WORK ITEM – Output the data below only from the line containing "ReferralMate" up to and including the line containing "Residential Land For Sale in Alvin, Texas", exact and with the pictures left out.

INPUT MATERIAL –

==================================================

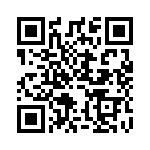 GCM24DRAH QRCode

==================================================

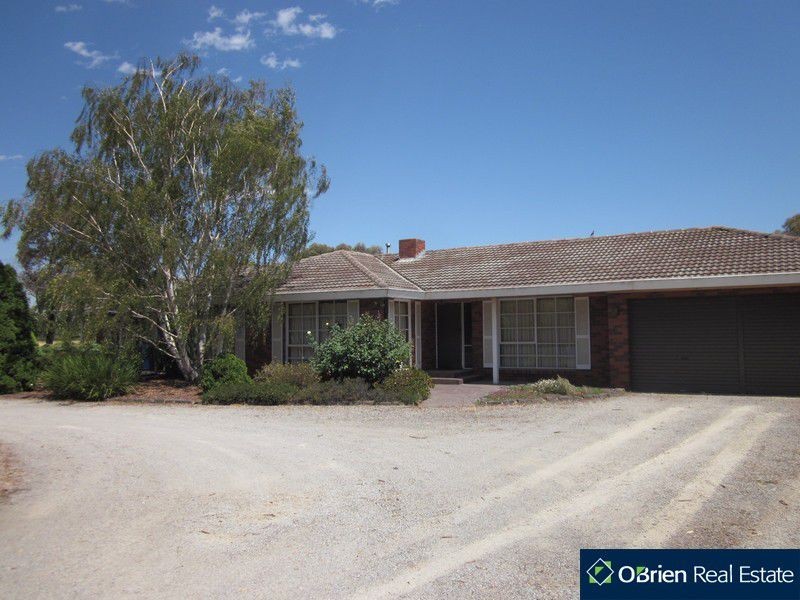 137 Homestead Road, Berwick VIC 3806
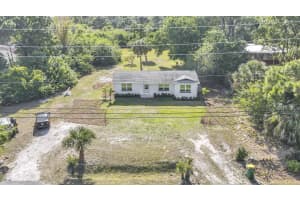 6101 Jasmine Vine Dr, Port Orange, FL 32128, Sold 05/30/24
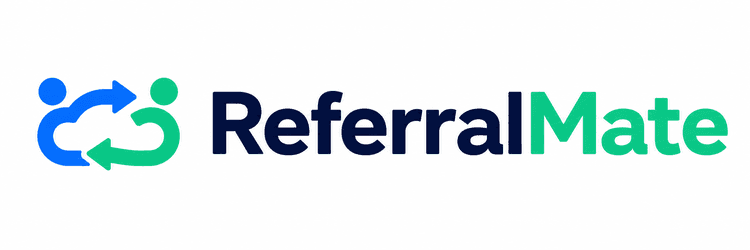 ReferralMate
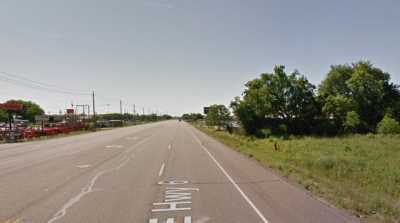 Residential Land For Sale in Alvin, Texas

==================================================

SOLUTION FOR THIS PROBLEM –
 ReferralMate
 Residential Land For Sale in Alvin, Texas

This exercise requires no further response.